Erik Dutson, MD, is the director of bariatric surgery and executive medical director of the Center for Advanced Surgical and Interventional Technology at the UCLA Health System in Los Angeles. He says that surgeons are aware of some bariatric surgery patients being at risk for substance abuse.

"It's referred to in our circles as addiction replacement, which isn't unique to bariatric surgery," Dutson says. "If they're using food in this way and they undergo bariatric surgery, they can't go back to eating the way they did, and the brain's reward system becomes starved."

Mental Health Care Critical After Weight Loss Surgery

Bariatric surgery patients are screened by mental health professionals before they undergo the procedure. During this evaluation, they are advised to avoid alcohol, because it can damage the gastrointestinal tract lining. Patients must be tobacco-free for three consecutive months prior to undergoing the operation. If someone is identified as having an eating disorder such as bulimia, says Dutson, the patient is referred for longer-term therapy.

"It's possible patients aren't always forthcoming during the pre-surgery evaluation," he says. "But in my experience, by the time patients want bariatric surgery, they're in the mentality mode of, 'I need to get this taken care of.' Those circumstances push people toward honesty."

The positive body changes that follow weight loss surgery offer a psychological boost.

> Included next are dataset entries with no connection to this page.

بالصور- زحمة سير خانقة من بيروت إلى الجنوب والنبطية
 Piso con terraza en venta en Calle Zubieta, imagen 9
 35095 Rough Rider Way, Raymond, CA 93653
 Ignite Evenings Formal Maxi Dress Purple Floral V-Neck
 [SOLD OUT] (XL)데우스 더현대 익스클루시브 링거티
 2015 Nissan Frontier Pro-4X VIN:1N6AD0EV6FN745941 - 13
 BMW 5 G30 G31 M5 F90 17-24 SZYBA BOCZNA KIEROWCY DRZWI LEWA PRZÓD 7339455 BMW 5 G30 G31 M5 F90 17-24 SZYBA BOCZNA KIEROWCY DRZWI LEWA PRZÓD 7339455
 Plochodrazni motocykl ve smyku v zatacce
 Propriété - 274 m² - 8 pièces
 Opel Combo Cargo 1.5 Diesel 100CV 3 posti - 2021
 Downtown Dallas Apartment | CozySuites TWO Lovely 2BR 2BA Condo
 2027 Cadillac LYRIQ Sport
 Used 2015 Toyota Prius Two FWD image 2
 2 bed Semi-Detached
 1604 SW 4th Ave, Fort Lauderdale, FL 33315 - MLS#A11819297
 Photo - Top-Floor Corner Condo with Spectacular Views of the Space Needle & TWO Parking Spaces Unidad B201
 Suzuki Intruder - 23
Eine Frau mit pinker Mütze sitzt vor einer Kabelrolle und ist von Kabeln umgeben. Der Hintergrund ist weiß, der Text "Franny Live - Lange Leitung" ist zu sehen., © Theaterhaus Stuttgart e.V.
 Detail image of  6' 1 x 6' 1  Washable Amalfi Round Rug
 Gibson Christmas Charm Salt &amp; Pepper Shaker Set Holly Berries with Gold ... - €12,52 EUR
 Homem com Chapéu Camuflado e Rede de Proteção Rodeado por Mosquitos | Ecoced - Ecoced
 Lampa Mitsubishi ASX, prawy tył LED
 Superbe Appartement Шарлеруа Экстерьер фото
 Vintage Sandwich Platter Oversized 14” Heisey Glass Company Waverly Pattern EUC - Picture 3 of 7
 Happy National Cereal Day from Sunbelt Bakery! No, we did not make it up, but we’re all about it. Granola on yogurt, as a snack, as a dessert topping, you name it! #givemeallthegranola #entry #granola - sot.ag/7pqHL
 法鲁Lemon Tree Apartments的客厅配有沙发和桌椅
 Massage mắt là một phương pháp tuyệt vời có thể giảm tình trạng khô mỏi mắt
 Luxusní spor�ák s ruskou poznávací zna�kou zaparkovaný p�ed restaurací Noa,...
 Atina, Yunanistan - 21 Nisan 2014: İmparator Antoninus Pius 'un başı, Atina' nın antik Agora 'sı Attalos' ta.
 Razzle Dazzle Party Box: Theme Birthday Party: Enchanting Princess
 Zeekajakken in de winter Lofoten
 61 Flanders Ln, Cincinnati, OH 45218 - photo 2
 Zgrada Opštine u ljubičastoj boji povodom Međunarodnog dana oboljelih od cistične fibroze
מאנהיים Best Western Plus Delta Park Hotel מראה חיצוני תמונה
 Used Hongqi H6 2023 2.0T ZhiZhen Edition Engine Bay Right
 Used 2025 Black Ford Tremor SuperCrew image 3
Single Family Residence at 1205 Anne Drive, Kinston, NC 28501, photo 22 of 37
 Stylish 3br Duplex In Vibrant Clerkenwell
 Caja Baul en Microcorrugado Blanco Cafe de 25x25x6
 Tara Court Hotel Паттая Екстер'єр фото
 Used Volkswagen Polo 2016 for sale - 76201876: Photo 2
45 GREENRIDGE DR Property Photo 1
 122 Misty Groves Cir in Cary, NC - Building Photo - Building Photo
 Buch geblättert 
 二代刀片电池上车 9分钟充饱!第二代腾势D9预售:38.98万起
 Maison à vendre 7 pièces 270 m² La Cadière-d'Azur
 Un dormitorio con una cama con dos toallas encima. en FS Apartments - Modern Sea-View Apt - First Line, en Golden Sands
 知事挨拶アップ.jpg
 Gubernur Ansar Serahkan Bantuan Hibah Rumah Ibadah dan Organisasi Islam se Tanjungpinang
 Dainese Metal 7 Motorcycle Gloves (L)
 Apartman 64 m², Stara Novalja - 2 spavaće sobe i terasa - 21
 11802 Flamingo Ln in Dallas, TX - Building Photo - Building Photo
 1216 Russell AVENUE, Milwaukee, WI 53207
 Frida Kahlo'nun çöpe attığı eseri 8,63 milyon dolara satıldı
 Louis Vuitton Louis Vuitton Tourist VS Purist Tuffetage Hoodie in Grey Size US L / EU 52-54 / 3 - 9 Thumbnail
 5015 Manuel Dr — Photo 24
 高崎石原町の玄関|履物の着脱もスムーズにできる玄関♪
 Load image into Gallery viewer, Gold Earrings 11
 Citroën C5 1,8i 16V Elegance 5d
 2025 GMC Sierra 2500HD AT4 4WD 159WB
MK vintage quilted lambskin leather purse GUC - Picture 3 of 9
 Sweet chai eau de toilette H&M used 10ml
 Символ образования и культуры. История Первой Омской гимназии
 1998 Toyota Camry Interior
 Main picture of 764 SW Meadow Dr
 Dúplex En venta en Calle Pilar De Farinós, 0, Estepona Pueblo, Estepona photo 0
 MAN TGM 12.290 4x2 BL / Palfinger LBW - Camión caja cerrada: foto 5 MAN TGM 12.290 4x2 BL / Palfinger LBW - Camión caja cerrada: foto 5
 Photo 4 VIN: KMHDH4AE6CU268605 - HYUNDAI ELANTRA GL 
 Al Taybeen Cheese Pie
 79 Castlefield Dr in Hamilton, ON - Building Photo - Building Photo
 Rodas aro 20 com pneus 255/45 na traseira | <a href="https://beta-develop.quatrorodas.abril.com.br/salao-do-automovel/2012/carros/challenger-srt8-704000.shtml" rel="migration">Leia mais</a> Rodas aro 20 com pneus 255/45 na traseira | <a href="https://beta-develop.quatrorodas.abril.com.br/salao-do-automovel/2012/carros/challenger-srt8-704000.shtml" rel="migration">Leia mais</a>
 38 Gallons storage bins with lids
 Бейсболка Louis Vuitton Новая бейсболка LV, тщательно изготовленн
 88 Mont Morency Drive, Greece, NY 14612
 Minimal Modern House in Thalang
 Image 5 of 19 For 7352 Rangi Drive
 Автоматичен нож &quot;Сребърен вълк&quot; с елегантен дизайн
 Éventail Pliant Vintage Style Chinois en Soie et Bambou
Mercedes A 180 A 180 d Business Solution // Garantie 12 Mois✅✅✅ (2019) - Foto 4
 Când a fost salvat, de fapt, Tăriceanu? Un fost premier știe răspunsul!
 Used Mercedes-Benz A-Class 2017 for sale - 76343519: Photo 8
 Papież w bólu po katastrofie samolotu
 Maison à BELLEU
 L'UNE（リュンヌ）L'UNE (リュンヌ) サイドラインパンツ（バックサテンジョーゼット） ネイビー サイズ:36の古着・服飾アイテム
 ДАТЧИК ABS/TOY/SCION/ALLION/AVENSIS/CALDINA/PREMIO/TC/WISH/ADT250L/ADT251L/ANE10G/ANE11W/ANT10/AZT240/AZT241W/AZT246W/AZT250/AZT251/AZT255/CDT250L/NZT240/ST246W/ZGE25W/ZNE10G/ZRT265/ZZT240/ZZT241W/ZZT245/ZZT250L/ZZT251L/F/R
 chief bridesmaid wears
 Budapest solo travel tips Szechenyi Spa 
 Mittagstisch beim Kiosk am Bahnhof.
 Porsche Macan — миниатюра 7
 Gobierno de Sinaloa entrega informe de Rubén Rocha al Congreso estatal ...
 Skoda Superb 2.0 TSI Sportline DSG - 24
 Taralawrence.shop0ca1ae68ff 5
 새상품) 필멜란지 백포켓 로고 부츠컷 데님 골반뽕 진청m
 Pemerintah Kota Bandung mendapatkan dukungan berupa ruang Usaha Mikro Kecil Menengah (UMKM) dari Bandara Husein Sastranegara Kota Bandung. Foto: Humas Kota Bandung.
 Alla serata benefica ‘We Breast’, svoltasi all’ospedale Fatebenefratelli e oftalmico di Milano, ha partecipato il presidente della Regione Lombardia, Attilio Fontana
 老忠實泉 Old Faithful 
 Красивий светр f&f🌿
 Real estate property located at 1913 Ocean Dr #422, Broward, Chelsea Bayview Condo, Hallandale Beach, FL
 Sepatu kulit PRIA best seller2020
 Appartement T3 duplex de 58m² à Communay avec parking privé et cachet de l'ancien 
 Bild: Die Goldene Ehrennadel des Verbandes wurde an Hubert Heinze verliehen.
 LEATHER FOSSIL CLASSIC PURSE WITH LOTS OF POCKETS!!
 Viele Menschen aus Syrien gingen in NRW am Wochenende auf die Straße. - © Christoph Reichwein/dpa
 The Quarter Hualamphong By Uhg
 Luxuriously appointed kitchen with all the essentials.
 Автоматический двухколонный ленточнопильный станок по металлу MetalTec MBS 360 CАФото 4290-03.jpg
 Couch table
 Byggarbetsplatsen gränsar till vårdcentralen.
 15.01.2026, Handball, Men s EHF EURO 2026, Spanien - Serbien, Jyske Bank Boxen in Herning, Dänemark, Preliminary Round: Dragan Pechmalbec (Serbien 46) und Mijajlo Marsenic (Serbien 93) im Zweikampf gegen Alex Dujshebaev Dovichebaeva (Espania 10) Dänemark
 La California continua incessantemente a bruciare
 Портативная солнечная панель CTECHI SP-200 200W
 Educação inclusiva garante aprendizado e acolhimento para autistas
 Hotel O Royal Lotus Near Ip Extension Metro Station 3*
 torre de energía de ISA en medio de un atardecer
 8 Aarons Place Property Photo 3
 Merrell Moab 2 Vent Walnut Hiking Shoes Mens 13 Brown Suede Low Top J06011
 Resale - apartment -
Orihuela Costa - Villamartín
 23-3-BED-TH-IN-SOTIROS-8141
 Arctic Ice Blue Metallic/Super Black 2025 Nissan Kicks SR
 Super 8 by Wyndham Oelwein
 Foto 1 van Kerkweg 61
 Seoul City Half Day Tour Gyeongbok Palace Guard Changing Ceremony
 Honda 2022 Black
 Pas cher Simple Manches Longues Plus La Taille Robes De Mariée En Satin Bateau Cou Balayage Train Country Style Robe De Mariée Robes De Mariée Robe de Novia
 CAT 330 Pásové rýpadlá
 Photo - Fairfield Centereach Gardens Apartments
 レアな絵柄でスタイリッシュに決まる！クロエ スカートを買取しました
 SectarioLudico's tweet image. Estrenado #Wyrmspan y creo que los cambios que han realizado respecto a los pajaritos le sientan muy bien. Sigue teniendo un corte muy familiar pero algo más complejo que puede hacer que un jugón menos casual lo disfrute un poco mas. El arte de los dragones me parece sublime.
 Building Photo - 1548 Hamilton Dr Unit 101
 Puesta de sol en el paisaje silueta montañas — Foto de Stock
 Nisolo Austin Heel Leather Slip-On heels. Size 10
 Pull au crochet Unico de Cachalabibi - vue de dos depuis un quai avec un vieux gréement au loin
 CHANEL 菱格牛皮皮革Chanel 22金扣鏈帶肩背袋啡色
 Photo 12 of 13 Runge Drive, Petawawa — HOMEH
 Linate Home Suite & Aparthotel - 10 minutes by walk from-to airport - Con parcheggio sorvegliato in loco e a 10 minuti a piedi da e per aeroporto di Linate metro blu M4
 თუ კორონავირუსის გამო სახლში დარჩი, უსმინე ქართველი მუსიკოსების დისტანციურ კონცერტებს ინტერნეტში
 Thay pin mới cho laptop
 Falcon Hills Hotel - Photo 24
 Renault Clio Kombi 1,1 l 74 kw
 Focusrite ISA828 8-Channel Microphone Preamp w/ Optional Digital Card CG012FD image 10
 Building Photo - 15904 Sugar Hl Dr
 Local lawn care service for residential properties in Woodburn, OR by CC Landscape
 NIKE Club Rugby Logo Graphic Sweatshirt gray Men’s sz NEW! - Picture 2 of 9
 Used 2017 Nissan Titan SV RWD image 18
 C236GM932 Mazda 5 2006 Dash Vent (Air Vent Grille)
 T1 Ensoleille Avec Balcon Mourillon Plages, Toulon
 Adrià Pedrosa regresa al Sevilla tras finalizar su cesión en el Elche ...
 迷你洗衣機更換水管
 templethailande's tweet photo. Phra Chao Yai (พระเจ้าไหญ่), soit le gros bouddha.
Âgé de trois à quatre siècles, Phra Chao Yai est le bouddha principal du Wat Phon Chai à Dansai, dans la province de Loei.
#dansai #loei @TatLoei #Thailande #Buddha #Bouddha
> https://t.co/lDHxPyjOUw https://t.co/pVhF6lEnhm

But adjusting to the post-surgery world has its ups and downs, says Kelli Friedman, PhD, director of psychology at the Duke Center for Metabolic and Weight Loss Surgery in Durham, N.C.

"There's not a lot of scientific study on this topic, but like this study, we also think that two years after the surgery appears to be a particularly vulnerable time for patients," she says. "Many surgery centers have the presurgical psychological evaluation and offer follow-up care, but we need to do a better job at long-term follow-up care, not just a few months after surgery."